Blondino : Oui, c’est bien que l’album se termine comme ça. Comme parfois justement dans l’exploration de cette part d’ombre et de lumière on peut passer par des choses plus difficiles même dans les thématiques qui sont abordées tout au long de l’album et j’aimais bien l’idée de terminer comme ça avec quelque chose de plus explosif.
La Face B : Je me demandais si ça augurait de nouveaux projets ?
Blondino : Oui, je pense. En toute sincérité, je pense. J’ai fait trois albums. Ils sont différents, mais en même temps, ils ont une certaine cohérence. Et pour le quatrième, j’ai envie d’aborder les choses différemment, travailler d’une autre façon et d’explorer effectivement de nouveaux territoires.
La Face B : Tu peux nous en dire un peu plus ou c’est encore trop tôt ?
Blondino : C’est un petit peu tôt quand même. Ce n’est pas plus rock, ce n’est pas ce que je veux dire. Mais dans l’idée, j’ai envie de faire quelque chose encore un peu plus brut. Presque de créer plus en groupe.
La Face B : Une création collective.
Blondino : Exactement. Une autre émulation. On verra, mais c’est encore en pleine réflexion.
La Face B : Tu as commencé à écrire un peu ?
Blondino : Oui, des petites bribes, des petites choses.
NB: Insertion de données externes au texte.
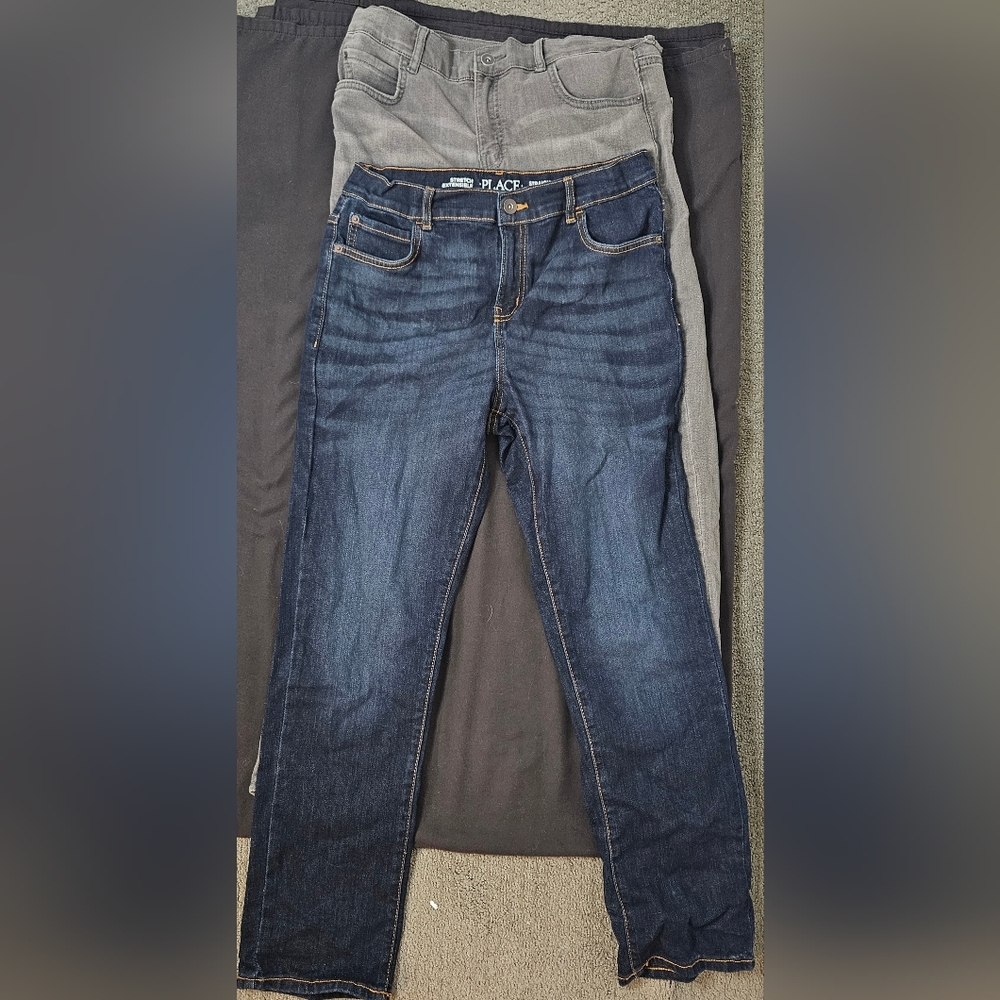 Children's Place Stretch Straight Jeans.  Lot Of Two. Dark Blue & Grey. 14 Husky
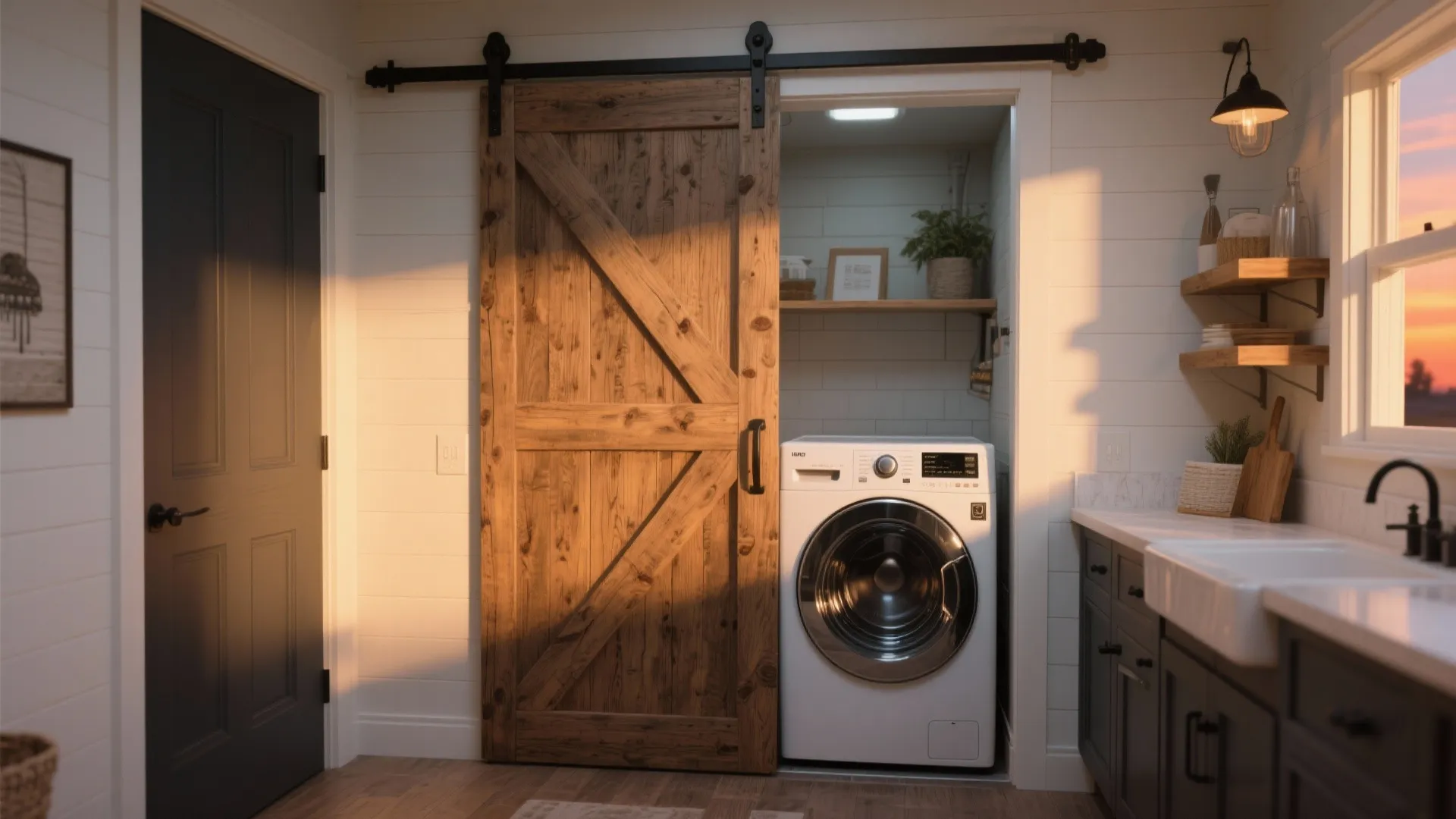 Laundry area hidden behind a sliding wood barn door featuring a white washing machine and shelves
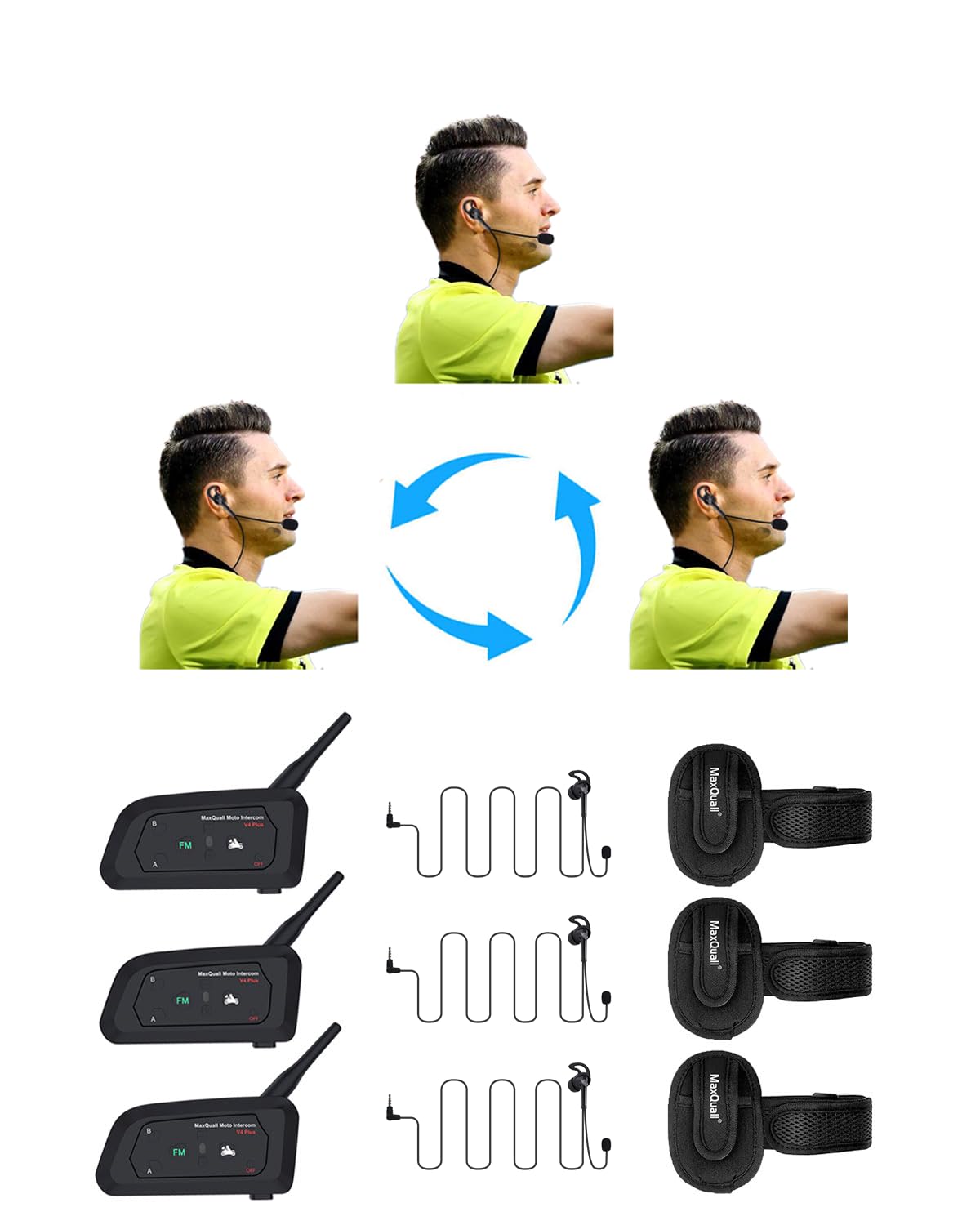 Schiedsrichter-Headset, Schiedsrichter-Kommunikationssystem-Sets für 3 Personen, Vollduplex, Fußball, kabellose Bluetooth-Headsets für offizielle Volleyball, Fußball, Fußball, Handballtrainer (3V4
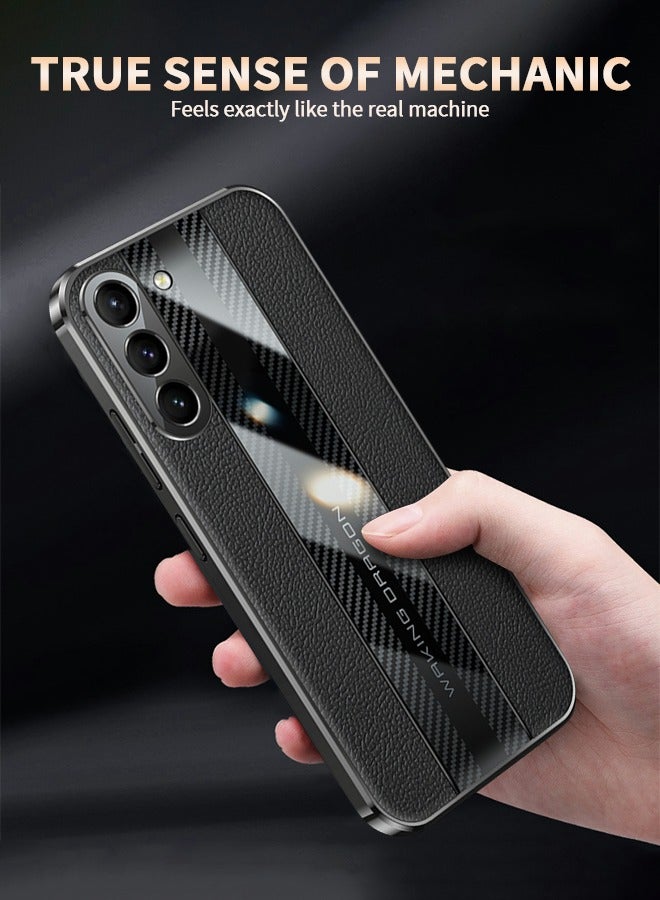 GROIC For Samsung Galaxy S23 Plus 6.6 Inch Luxury Case Tpu Carbon Fiber & Leather Back Cover Compatible With S23 Plus Camera Protection Shockproof Phone Case (S23Plus, Black) - Image 5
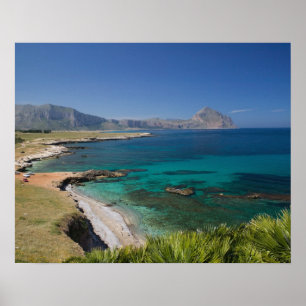 Pôster Itália, Sicília, San Vito Lo Capo, Vista do Golfo 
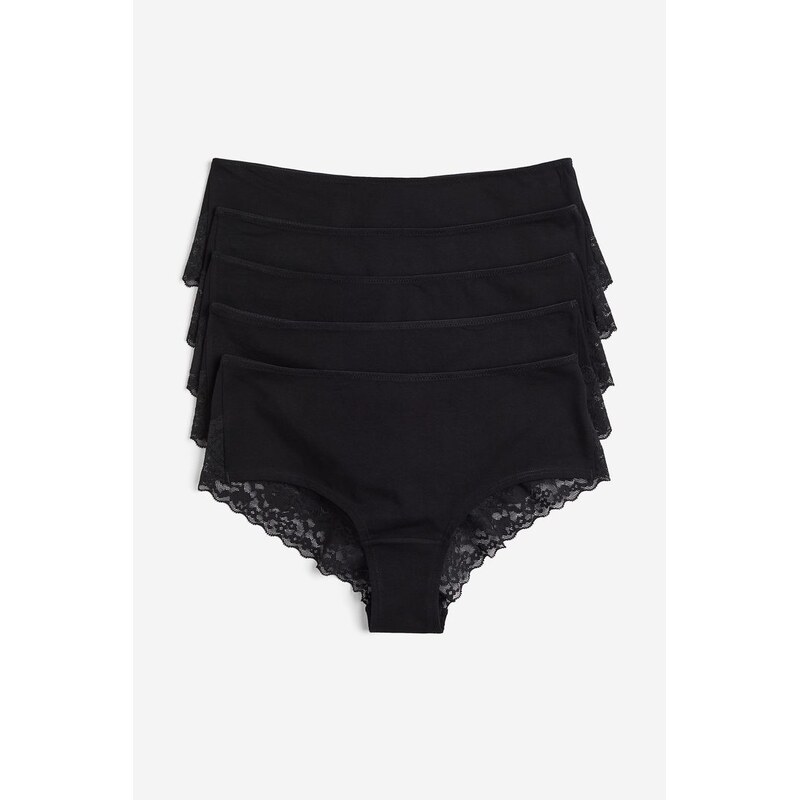 H&M - Kalhotky hipster 5 kusů - černá 108135149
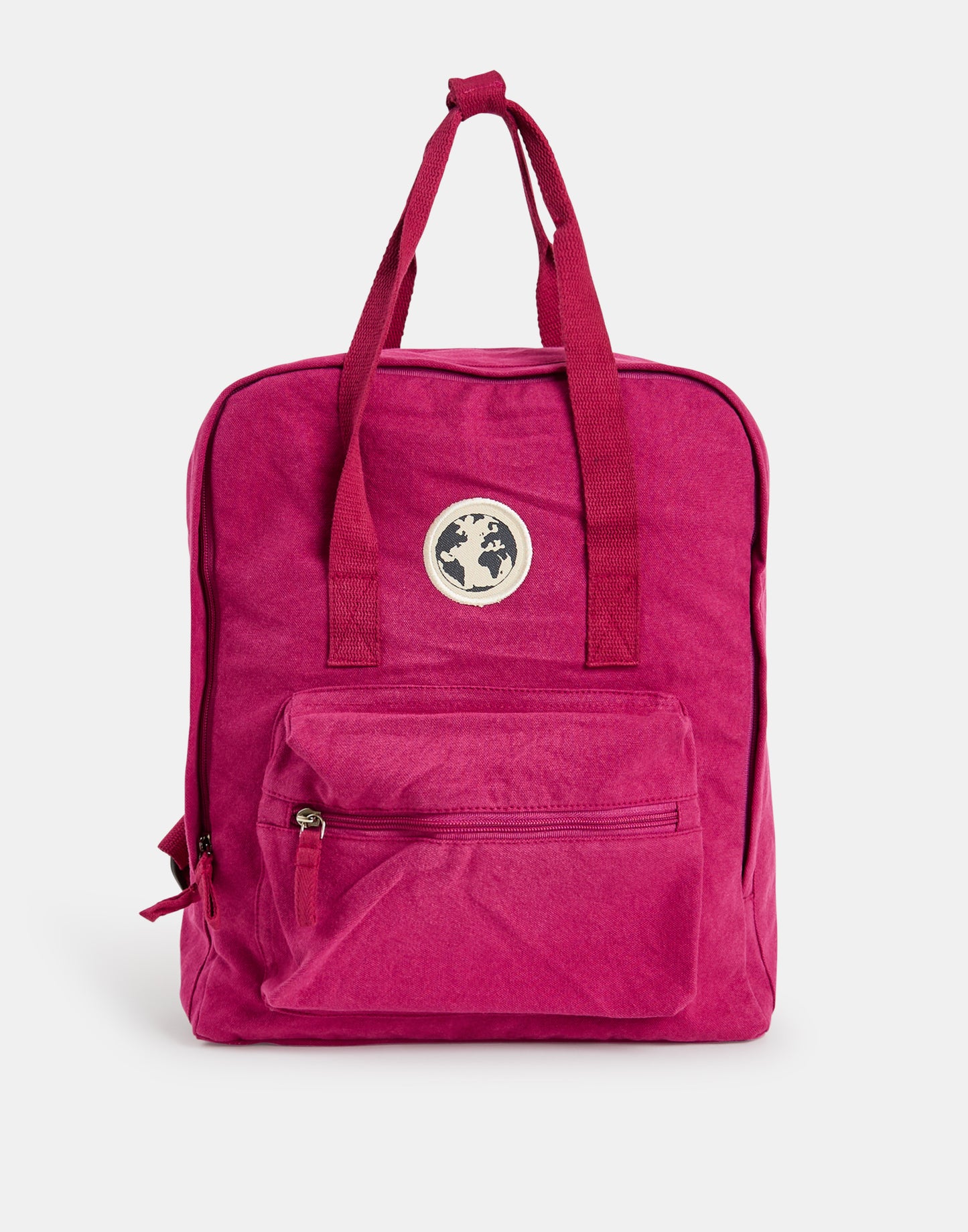 Washed canvas squared backpack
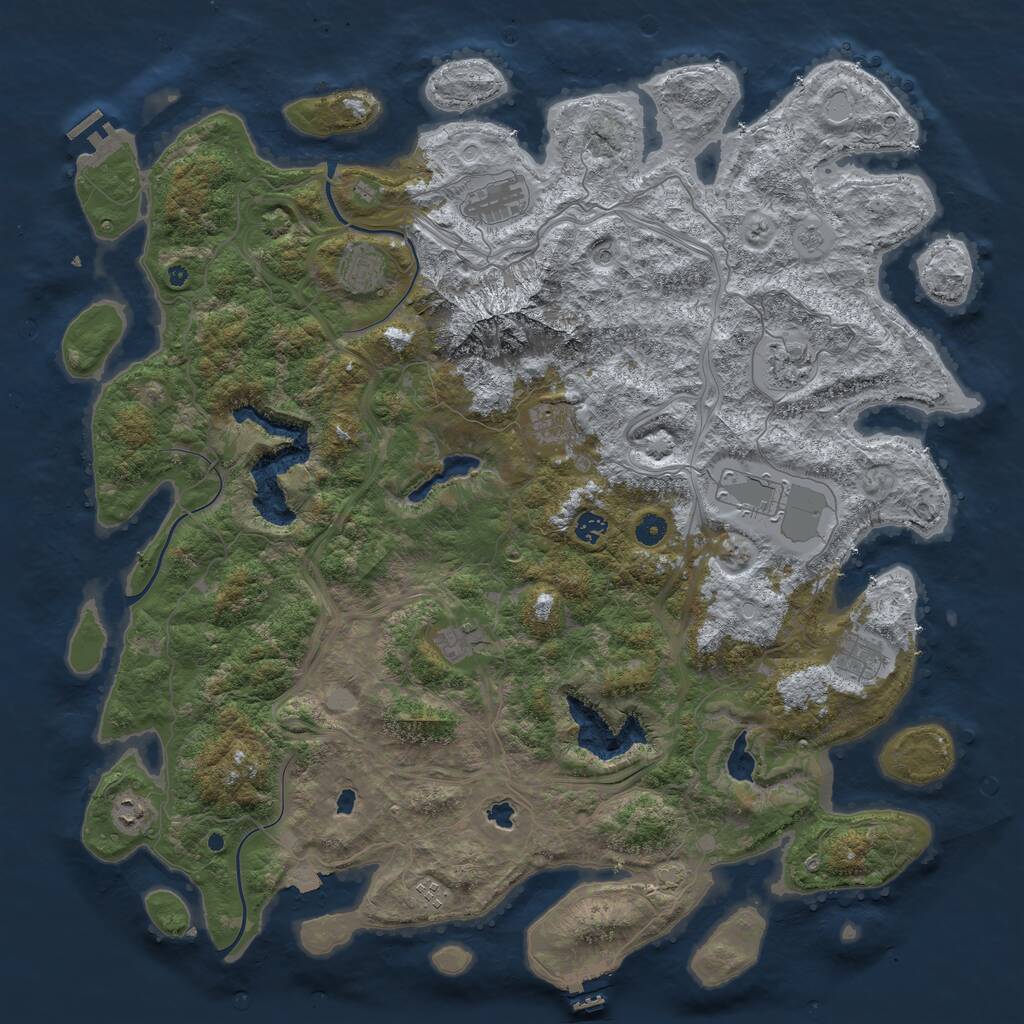 Rust Map: Procedural Map, Size: 5000, Seed: 6795240, 16 Monuments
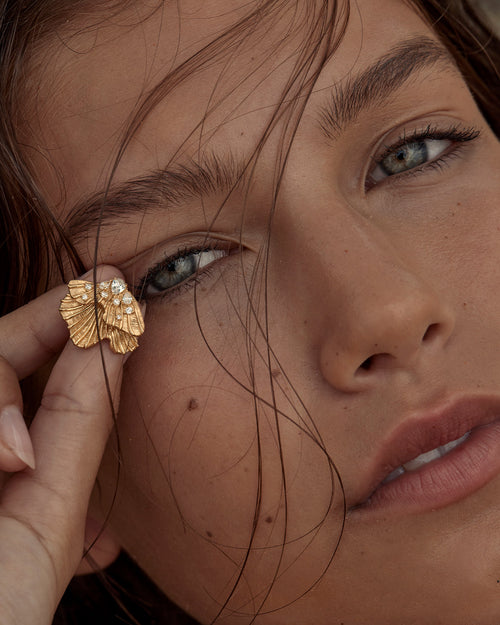 Gold Plated Ocean Whisper Statement Earrings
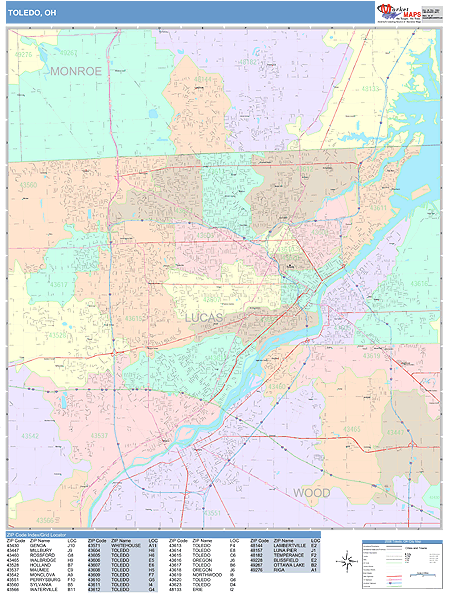 Toledo Ohio Wall Map (Color Cast Style) by MarketMAPS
Mais c’est encore un peu trop frais, tu vois.
La Face B : Et puis bon, Hauteurs est sorti il n’y a pas si longtemps !
Blondino : Exactement, je suis encore dedans. Je vais chanter les chansons. Je suis encore dans le mouvement de cet album.
La Face B : Est-ce qu’il n’y a pas de petites choses que tu pourrais tester le 28 mai en lien avec ce futur album ?
Blondino : Après, généralement, quand je suis en groupe sur scène, ça sonne de toute façon différemment de l’album. Ça peut se rapprocher effectivement un petit peu plus de ce que sera la suite.